A loss-making company may receive a cash refund if it qualifies for the refundable offset and the offset exceeds its income tax liability. The outcome depends on the company’s turnover, tax rate, structure, eligible R&D expenditure, registration status and broader tax position.
Eligible R&D usually involves experimental work where the outcome could not be known in advance based on existing knowledge, information or experience.
A project may be worth reviewing if it involved technical uncertainty, a hypothesis, testing, trials, prototypes, iterations, observation and evaluation. Commercial innovation alone is not enough. The focus is on whether the company conducted eligible R&D activities.
Software, AI, automation and product development can qualify, but they do not automatically qualify.
These projects may need review where the company was trying to resolve a technical uncertainty through experimentation. Routine coding, configuration, ordinary implementation, bug fixing, cosmetic changes, market research or standard product improvement may not qualify unless they are directly connected to eligible R&D activities.

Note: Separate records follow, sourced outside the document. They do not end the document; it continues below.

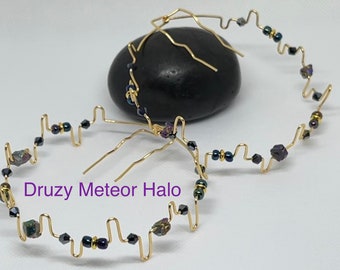 Druzy “Meteor” Halo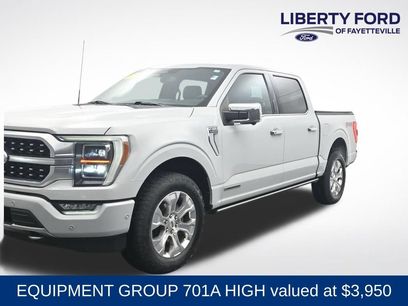 Certified 2023 Ford F150 Platinum w/ Equipment Group 701A High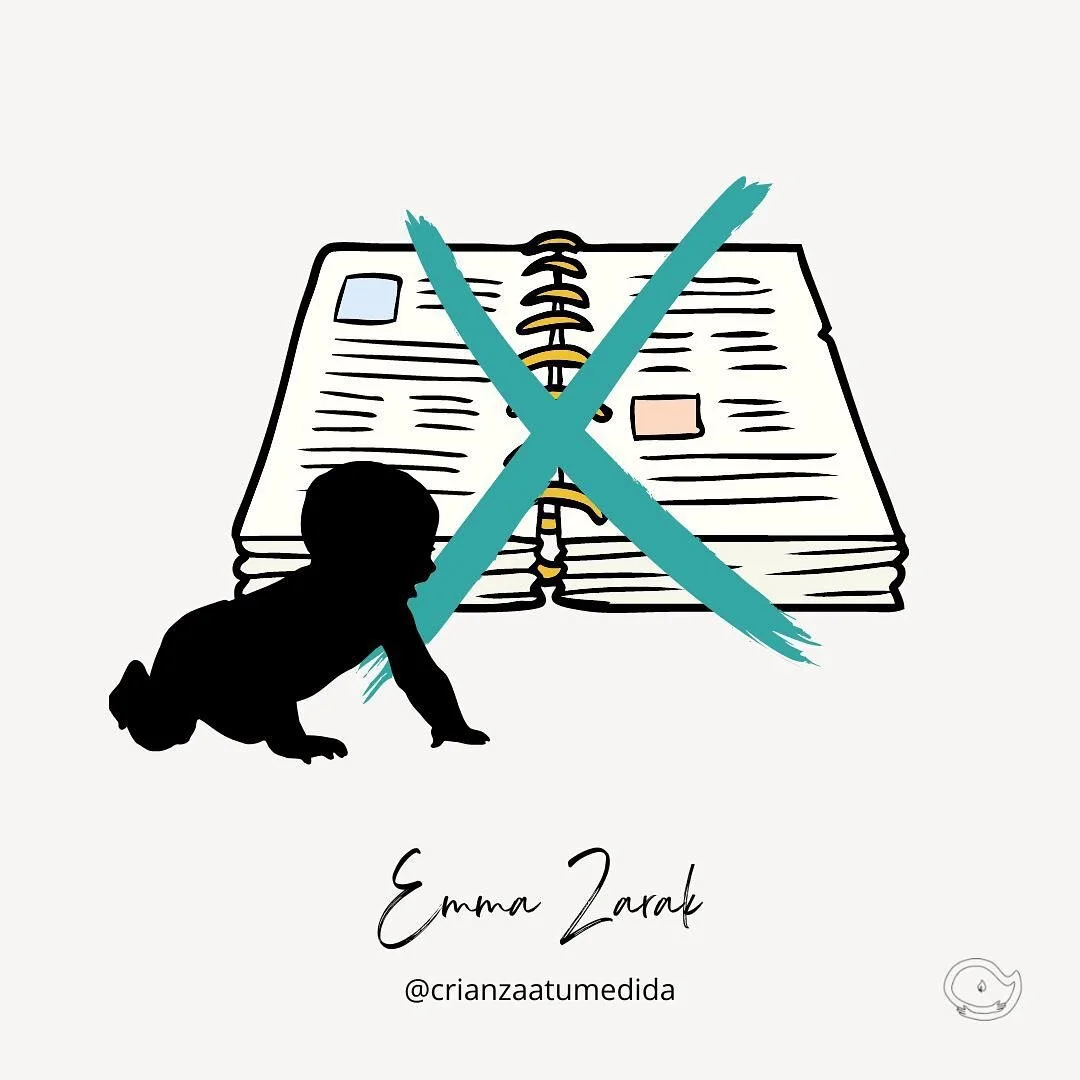 Siempre se nos ha dicho que los ni&ntilde;os no vienen con un manual. Y a&uacute;n sabiendo que no existe un librito que nos ense&ntilde;e a ser padres, lo buscamos desesperadamente. 

Recuerdo convertirme en madre y pensar 🤔 &hellip;bueno, s&oacute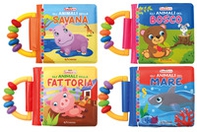 Gli animali della savana-Gli animali della fattoria-Gli animali del mare-Gli animali del bosco. Sonaglietti - Librerie.coop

Eligible R&D expenditure may include costs connected to registered R&D activities. Depending on the circumstances, this may include staff costs, contractor costs, materials, certain overheads, depreciation or decline in value of assets used in R&D, and other costs linked to eligible activities.
Costs should be supported by records and apportioned where they relate partly to R&D and partly to ordinary business activities.
In general, a company needs at least $20,000 of eligible notional R&D deductions for the income year to claim the R&D Tax Incentive.
There are exceptions, including certain expenditure to a registered Research Service Provider and certain Cooperative Research Centre contributions. Companies below the threshold should obtain advice before assuming they can or cannot claim.
A company generally needs to register its R&D activities within 10 months after the end of the income year in which the activities took place.
For a company with a standard 30 June year end, this usually means the registration deadline is 30 April of the following year. Companies with substituted accounting periods should check their own deadline.
Companies should keep records showing both the R&D activities and the related expenditure.
Useful records may include project plans, technical reports, test results, prototypes, experiment logs, design documents, meeting notes, staff timesheets, contractor invoices, payroll records, accounting records and cost apportionment workings.
Records created while the work is happening are generally stronger than records prepared much later.